Теория «господства знати» была поддержана в последующей историографии далеко не во всех пунктах и аспектах, но она, несомненно, дала мощный импульс изучению средневековой знати[5]. Общий тренд европейской медиевистики второй половины XX в. состоял в демонстрации наличия и особой роли знати в раннее Средневековье, то есть и до сложения сословного строя (несмотря на естественные расхождения в таких вопросах, как состав и преемственность этого слоя, суть, происхождение и формы его доминирования и т. д.). Сегодня едва ли кто-нибудь станет говорить о раннесредневековом обществе как о меритократии или тем более демократии.

Однако, различие между знатью раннего Средневековья и рыцарским сословием XII–XV вв. очевидно, и остаются трудности в определении признаков этой знати, которая не обладала наследственностью и правовым статусом. По этой причине в англо– и франкоязычной медиевистике, например, разделяют два понятия – знать и аристократия. Первое относится к слою с юридически закреплёнными привилегиями, второе, подразумевая значительный уровень социальной мобильности, указывает на тех лиц, которые выдаются в социальном отношении и обладают властью de facto[6].

К раннесредневековой знати применяют также понятие элита, следуя определениям в духе Макса Вебера и выделяя такие признаки, как 1) престиж (социальный статус), 2) капитал (богатство, имущество) и 3) власть (господство) над людьми[7]. Совокупность всех вместе этих признаков, особенно если идёт речь об обладании не просто властью, но властью политической (публичной), указывает именно на знать. Впрочем, понятие элиты довольно широкое и гибкое. К нему прибегают даже и тогда, когда обнаруживают у разных групп и слоев даже не все три указанных признака вместе, а только два или один, возможно в сочетании с какими-то другими признаками, и тогда говорят о разных элитах– городской и деревенской, интеллектуальной и церковной, экономической и политической и т. д.

В исследованиях по истории средневековой Руси применяются понятия господствующий класс, знать, правящий слой и элита. Первое из этих понятий широко употреблялось в советской историографии[8]. В работах западноевропейских и американских учёных нескольких последних десятилетий установился определённый консенсус относительно того, что к средневековой Руси и России раннего Нового времени (XVI–XVII вв.) применимо, хотя и с некоторыми оговорками, то же понятие знать, какое употребляется применительно к другим обществам Европы[9]. И это понятие, и два других в приведённом ряду употребляются в современной русскоязычной историографии[10].

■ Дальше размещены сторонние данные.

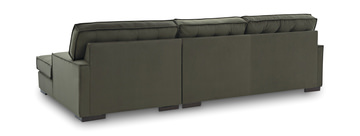 Rosemary Sectional With Right Chaise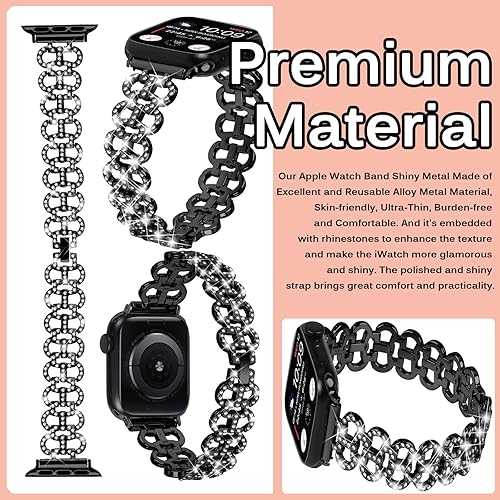 Miniatura 3 de Miimall Compatible con Apple Watch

Однако, часто прибегают и к аутентичным терминам источников. Один из таких терминов довольно точно соответствует понятию знать – бояре. Но об этом соответствии можно говорить лишь для времени до XV в., когда слово стало приобретать вторичные смыслы в новых социально-политических условиях– как придворный чин-звание при дворе московских великих князей и как слой мелких землевладельцев в Великом княжестве Литовском. Спорным остаётся в литературе, обозначало ли слово бо(л)ярин представителя знати до XII в.

Ещё два выражения, восходящие к аутентичной терминологии, используются нередко в литературе применительно к истории допетровской Руси-России в качестве научно-абстрагирующих понятий – дружина и служилые люди. Эти выражения оказываются удобными, когда историки хотят указать вместе и на знать (бояр), и на группы, которые были связаны с князьями и боярами службой, преимущественно военной, и, как правило, занимали в каких-то отношениях более выдающееся и/или привилегированное положение по сравнению с горожанами и сельским населением. В Западной Европе в раннее Средневековье этим группам отчасти соответствуют люди, которых называют «подвассалами». В позднее Средневековье «подвассалы» вместе с министериалами (несвободными слугами) составили слой «низшей знати»[11].

Однако, применение обоих выражений к домонгольскому времени вызывает сомнения. Понятие служилые люди восходит к эпохе Московского государства конца XV–XVII вв. и подразумевает строй военно-служебных и земельных отношений, который в домонгольский период даже ещё не начал складываться.

Сложнее со словом дружина. Оно известно древнейшим старославянским и древнерусским памятникам, но, с другой стороны, как уже не раз отмечалось в историографии, в этих памятниках оно выступает в разных и довольно расплывчатых и неопределённых значениях.

Именно анализ тех смыслов и представлений, которые стоят за древним словом дружина и за соответствующим современным понятием, является исходной точкой всего исследования в данной работе. Что надо понимать в научном смысле под дружиной как явлением, свойственным разным народам в разные исторические моменты? Какие именно люди на Руси в древнейший период обозначались этим словом? В какой мере это понятие, широко используемое в русскоязычной историографии, может соответствовать таким общепринятым в медиевистике терминам, как, например, знать, (господствующий) класс или элита! С этих вопросов начинается исследование в главах I и II, а в главах III и IV оно приводит к подробному анализу двух частей светской элиты древнерусского государства, важнейших в военном и политическом отношениях, – воинов, состоявших непосредственно на княжеской службе, и боярства, связанного с князем (правителем), но и сохранявшего некоторую независимость от него.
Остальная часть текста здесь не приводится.